1. DEFINITIONS AND INTERPREATION
1.1 Definitions
In these terms and conditions, unless the context otherwise requires:
(a) ‘Application’ in relation to a Buyer means the Thirty Day
Commercial Credit Account Application signed by the Buyer which
refers to these terms and conditions.
(b) ‘Buyer’ means the Person named in the relevant Sales Invoice
or Quotation.
(c) ‘Credit Return Authorisation Number’ means the number allocated
to the Buyer by the Seller to authorise the Buyer to return goods
to the Seller in accordance with these terms and conditions.
(d) ‘GST’ means the goods and services tax as imposed by the GST
Law together with any related interest, penalties, fines or other
charges.
(e) ‘GST Amount’ means any Payment (or the relevant part of that
Payment) multiplied by the appropriate rate of GST.
(f) ‘GST Law’ has the meaning given to that term in A New Tax
System (Goods and Services Tax) Act 1999, or, if that Act does
not exist for any reason, means any Act imposing or relating to
the imposition or administration of a goods and services tax in
Australia and any regulation made under that Act.

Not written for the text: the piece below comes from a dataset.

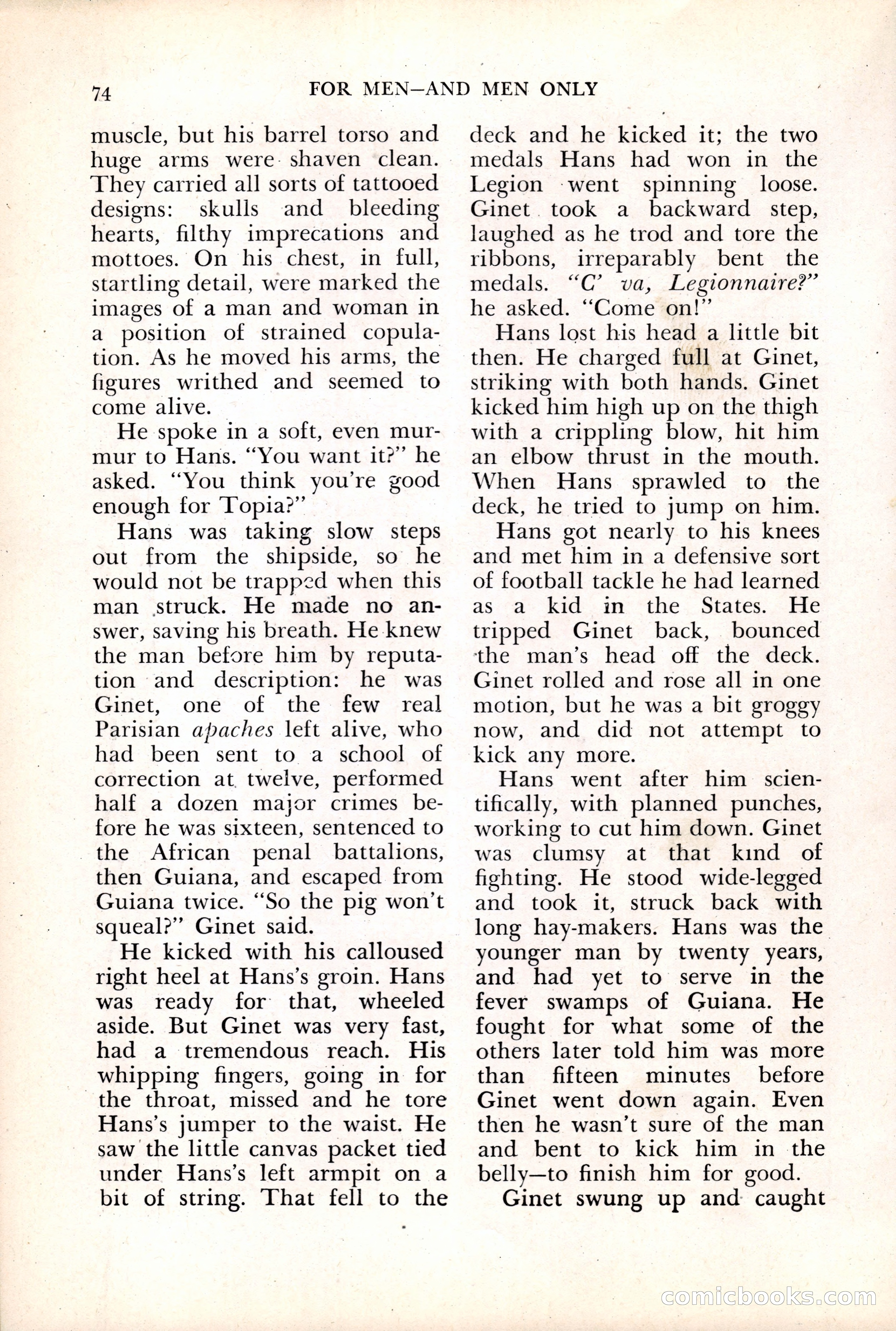For Men—and Men Only! (June 1937) — page 76 of 140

(g) ‘Order’ means the Buyerís Order communicated to the Seller
by any means but if the Order is for $200.00 or less a $20.00
handling charge will apply.
(h) ‘Payment’ means any amount payable under or in connection
with a Quotation or Sales Invoice including any amount payable
by way of indemnity, reimbursement or otherwise (other than a
GST Amount) and includes the provision of any non-monetary consideration.
(i) ‘Person’ includes an individual, the estate of an individual,
a body politic, a corporation, an association (incorporated or
unincorporated) and a statutory or other authority.
(j) ‘Purchase Price’ means the price for the goods set out in
the relevant Quotation or Sales Invoice.
(k) ‘Quotation’ means the form of quotation submitted by the Seller
to the Buyer in which these terms and conditions are deemed to
be incorporated.
(l) ‘Sales Invoice’ means the sales invoice issued by the Seller
to the Buyer in which these terms and conditions are or are deemed
to be incorporated.
(m) ‘Seller’ in relation to any Quotation or Sales Invoice means
OWGEND PTY LIMITED (ACN 001 869 825) trading as ‘Guardian Safety’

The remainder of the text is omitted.